Material provided -
---

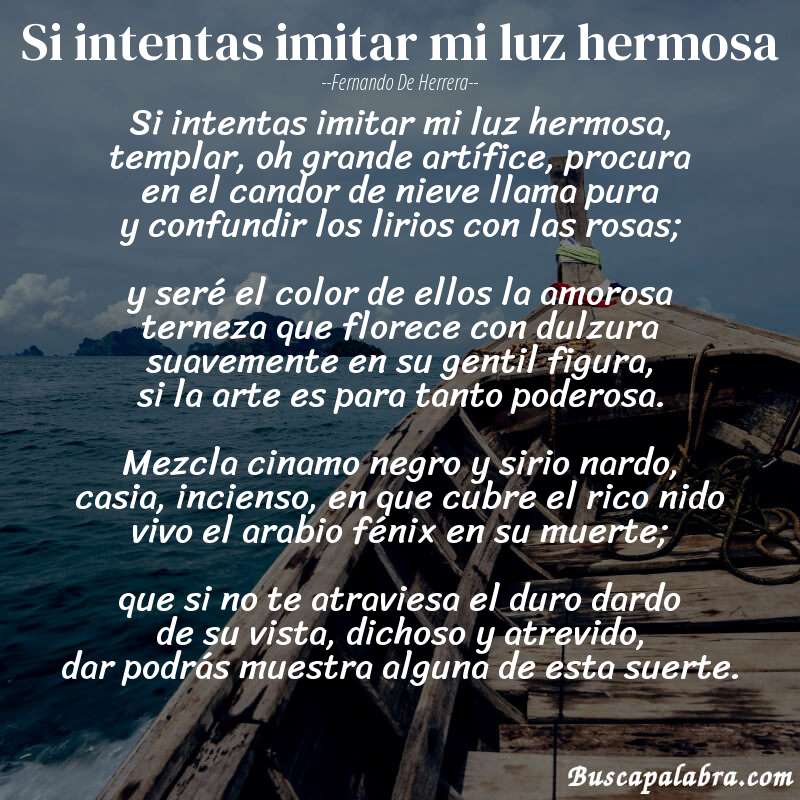 Poema Si intentas imitar mi luz hermosa de Fernando de Herrera con fondo de barca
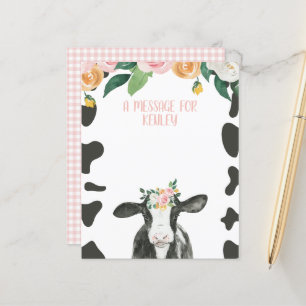 Helig ko rosa Gingham blommig tidskapsel meddeland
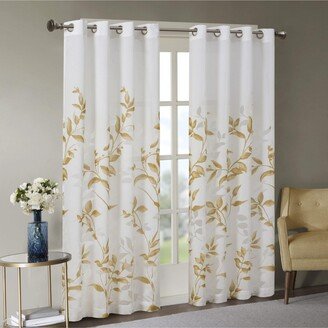 Gracie Mills Rayon and Polyester Burnout Printed Window Panel, Yellow - 50x84 Panel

---

Requirement - Produce an exact copy of each line of data, skipping embedded images.

Output -
 Poema Si intentas imitar mi luz hermosa de Fernando de Herrera con fondo de barca
 Helig ko rosa Gingham blommig tidskapsel meddeland
 Gracie Mills Rayon and Polyester Burnout Printed Window Panel, Yellow - 50x84 Panel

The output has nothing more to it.